Poster for the new film

Manifesto is a new film out this week that explores in depth local Labour Party activists and their fight to get a Labour government elected in the December 2019 general election.

It is an unusual film as it covers a constituency – Liverpool, Walton – ignored by the national media -concentrating on the passion of grass roots activists in one of the poorest parts in Britain. It is also Labour’s safest seat.

The film conveys the idealism of the campaigners and how the last Labour manifesto under Jeremy Corbyn would have meant real change for the people of Walton – many relying on free school meals and food banks – by providing better schools, a better NHS, more worker’s rights and better wages. But it was not to be. Instead Labour lost the general election in the fog of the Brexit row where unknown bureaucrats in Brussels were scapegoated as holding the working class back and depriving them of their ” freedoms”.

A street in Walton. Still from the film

The prism the director Daniel Draper ( who was born and grew up in Walton) uses is to tell the tale through the eyes and voices of local activists -a group that are normally completely ignored.

He intersperses their views with quotes from Robert Tressell’s work The Ragged -Trousered Philanthropists – regarded by George Orwell as a ” book everyone should read”. This tells a semi autobiographical story of a house painter’s struggle to get work in Edwardian England. He died from TB in Liverpool Royal Infirmary and was buried in a pauper’s grave in the city. The link between today’s activists and his legacy is vividly portrayed in one scene in the film.

He also intersperses the dialogue with stills of part of the constituency showing the poverty and both neat and neglected streets.

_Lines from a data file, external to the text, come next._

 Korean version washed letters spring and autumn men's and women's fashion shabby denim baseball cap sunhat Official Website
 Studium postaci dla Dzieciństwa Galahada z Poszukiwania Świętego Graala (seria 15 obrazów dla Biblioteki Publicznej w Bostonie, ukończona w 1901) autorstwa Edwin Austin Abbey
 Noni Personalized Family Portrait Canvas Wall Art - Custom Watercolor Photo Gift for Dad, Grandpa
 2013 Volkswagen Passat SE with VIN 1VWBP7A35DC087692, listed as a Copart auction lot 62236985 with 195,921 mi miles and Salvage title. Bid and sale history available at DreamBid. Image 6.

A thoughtful Ian Byrne during the 2019 election count. Still from the film

The result is a bitter sweet documentary. The campaigning in Liverpool was a great success – with both Parliamentary candidates who are on the left of the party, Dan Carden ( Liverpool Walton) and Ian Byrne (Liverpool West Derby) returned with thumping majorities.

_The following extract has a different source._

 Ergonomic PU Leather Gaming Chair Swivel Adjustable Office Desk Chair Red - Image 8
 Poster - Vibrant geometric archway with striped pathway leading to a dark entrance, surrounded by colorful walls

But in the rest of the country Labour lost badly -including two seats Walton activists were sent to help the party in Blackpool and Crewe.

Since then internal struggles in the Labour Party -including in Liverpool – have divided Labour activists and I am pretty certain Liverpool Walton is not a priority for the new leader Sir Keir Starmer – precisely because it is such a safe seat where Labour voters are taken for granted.

But in my view this would be a mistake. Labour has always been a broad church and the hopes, aspirations and frankly, eternal optimism to create a better society from the people portrayed in this film should not be ignored or squandered by party bosses in London.. The present mess and chaos we are in under this Tory government is too bitter a pill to swallow not only for the voters of Liverpool Walton but for everyone else. As Dan Carden, the MP for Walton said on the film before the result: “We can’t afford another five years of Tory government.”

Dan Carden during the campaign Still from the film

Initial screenings:

16 June: Picturehouse At FACT, Liverpool (Q&A: MP Ian Byrne, activist Alan Gibbons, director Daniel Draper, hosted by Ross Quinn)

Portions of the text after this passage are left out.